“I Feel Fat”: Dealing With a Negative Body Image
Dealing with Negative Body Image
Body image does not refer to what you look like but rather the personal relationship you have with your body. It includes your beliefs, perceptions, thoughts, feelings, and actions that pertain to your physical appearance.
Body image is impacted by three main factors:
- Socialization by culture (e.g., appearance standards)
- Interpersonal experiences (e.g., teasing of appearance)
- Personality characteristics (e.g., low self-esteem)
These three major components contribute to assumptions, interpretations and thoughts about one’s appearance.
Do Families Influence Body Image?
Family systems are one of the most important social contexts for development and expression of self-esteem. Family is the first primary group in which we experience some of our most important identities taking shape (e.g. male/female, son/daughter, brother/sister). Due to these factors, families can play a vital role in helping to promote body acceptance.
When supporting a loved one with an eating disorder, it is important for family members to explore their own body image and how that may impact their loved one’s treatment and recovery process. Questions for parents to ask themselves include:
- How do family members talk about their bodies?
- Is dieting a focal or frequent topic of conversation?
- How often are derogatory comments about the self or body made?
- Do compliments or acknowledgements center on weight or body?
“I Feel Fat”
The statement, “I feel fat” is seldom a comment about actual body weight or size. We turn our bodies into metaphors for all of our bad feelings. FAT can be broken up into the following concepts: Feelings, Actions, and Thoughts. The word “fat” can serve as a title for an overall sense of uneasiness and dissatisfaction in our lives. “I feel fat” can also be translated into different emotions such as I feel scared, angry, excited, sad, unworthy, etc.

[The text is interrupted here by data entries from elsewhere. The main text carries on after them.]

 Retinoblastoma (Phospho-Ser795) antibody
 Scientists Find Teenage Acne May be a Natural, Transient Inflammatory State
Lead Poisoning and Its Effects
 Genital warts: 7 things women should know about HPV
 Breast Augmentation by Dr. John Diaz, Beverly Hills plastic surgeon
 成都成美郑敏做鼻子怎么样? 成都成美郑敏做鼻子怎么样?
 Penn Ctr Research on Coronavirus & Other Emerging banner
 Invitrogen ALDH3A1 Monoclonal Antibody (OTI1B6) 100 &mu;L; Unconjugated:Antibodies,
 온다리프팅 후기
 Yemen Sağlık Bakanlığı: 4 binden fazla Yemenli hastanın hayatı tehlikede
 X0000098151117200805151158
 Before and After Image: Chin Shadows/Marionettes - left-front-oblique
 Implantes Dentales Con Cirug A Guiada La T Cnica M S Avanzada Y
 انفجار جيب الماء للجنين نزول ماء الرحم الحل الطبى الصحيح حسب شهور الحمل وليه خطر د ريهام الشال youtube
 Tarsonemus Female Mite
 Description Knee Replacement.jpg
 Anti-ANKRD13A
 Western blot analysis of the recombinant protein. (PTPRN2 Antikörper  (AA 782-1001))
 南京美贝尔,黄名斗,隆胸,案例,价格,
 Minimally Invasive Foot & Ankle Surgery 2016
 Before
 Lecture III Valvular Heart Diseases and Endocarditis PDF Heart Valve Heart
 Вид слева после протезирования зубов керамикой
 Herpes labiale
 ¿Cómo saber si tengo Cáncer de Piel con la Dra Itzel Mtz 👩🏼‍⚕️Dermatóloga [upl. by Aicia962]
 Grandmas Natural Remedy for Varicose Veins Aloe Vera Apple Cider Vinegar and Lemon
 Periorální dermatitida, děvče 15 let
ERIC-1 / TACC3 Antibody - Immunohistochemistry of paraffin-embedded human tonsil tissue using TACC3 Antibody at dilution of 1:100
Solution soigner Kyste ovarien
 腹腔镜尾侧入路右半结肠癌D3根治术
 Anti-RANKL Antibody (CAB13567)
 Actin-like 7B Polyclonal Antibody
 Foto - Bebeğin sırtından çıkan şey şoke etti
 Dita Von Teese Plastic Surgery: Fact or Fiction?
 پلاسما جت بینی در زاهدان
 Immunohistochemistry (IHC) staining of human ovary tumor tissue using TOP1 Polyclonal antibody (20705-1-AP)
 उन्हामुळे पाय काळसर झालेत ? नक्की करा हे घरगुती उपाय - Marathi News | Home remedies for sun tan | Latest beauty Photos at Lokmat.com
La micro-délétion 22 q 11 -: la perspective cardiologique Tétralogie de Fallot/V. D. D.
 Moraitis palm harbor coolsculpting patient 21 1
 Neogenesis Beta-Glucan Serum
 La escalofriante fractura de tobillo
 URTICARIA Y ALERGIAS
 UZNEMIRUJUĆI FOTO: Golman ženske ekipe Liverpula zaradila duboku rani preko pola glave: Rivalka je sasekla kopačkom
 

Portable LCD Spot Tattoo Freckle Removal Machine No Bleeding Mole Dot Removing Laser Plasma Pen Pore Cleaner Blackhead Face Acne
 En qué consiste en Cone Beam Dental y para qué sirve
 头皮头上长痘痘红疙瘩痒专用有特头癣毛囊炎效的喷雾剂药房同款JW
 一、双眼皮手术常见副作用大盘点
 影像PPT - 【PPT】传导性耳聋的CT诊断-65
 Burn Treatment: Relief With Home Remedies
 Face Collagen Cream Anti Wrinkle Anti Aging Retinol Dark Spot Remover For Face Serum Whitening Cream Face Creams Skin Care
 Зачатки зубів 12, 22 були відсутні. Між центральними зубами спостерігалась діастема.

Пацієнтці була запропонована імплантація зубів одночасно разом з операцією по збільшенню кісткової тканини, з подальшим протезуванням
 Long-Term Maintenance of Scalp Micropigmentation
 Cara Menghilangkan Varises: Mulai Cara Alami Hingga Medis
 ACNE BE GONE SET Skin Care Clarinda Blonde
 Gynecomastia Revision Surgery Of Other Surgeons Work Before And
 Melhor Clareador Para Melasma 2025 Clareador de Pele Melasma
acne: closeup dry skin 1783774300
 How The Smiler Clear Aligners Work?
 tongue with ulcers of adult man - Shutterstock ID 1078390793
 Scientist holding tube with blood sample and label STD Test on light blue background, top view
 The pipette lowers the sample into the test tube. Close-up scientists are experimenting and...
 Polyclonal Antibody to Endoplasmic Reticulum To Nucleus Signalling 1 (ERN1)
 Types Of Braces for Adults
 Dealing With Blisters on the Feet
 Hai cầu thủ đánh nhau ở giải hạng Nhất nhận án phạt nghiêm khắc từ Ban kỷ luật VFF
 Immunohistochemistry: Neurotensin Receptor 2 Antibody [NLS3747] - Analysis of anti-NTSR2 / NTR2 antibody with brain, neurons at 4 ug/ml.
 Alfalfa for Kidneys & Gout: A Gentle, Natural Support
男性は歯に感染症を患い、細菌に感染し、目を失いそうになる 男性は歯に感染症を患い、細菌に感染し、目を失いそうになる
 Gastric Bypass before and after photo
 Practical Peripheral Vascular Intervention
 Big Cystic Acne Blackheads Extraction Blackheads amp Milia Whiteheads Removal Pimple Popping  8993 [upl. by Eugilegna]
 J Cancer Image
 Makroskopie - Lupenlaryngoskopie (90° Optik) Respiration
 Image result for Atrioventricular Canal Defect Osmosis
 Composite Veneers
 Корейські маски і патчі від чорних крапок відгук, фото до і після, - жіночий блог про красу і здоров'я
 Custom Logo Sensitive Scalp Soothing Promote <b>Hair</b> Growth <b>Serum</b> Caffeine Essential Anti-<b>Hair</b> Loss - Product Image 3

Body distortions are very common and involve experiencing one’s body in an inaccurate way. It is essentially like looking at yourself in a funhouse mirror; what you see looks real but is not actually real. Body distortions can include the following:
- Thinking of appearance in extremes (“either I’m at a perfect weight or I’m fat”)
- Pitting appearance against some unrealistic or extreme standard
- Focusing on one aspect of one’s appearance that is disliked, and then exaggerating it
- Incorrectly concluding that some disliked physical attribute is directly responsible for certain disappointments and difficulties that are experienced.
Body distortions feel very real in the eating disorder. Family members attempting to disprove or counter their loved one’s distortions may find themselves frustrated and at odds with their loved one. The best thing a family member can do is empathize and listen (i.e.: That sounds extremely frustrating. How can I support you?).
Tips for Family Members and Support Persons
- Identify your own concerns about your weight, body, etc.
- Be mindful about how you talk about your body and other people’s bodies. Watch for critical statements, body shaming, etc.
- Change the conversation away from appearance-related topics (e.g.: compliments, changes in body, etc.)
- Bodies often change in eating disorder recovery. Body image concerns are not always unjustified.
- Body distortions feel very real. Telling a loved one their body is fine is not always helpful.
- Body image, including body acceptance, is often the last piece of recovery to fall into place. This can often be a long journey.
- Encourage your loved one to identify underlying emotions when they talk about having negative body image (“I hear you—that sounds really hard. I wonder, what emotion do you think is underneath?”)
- If appropriate, ask your loved one if you can help them remove triggers (e.g.: eating disorder clothing, mirrors, scales, social media, etc.)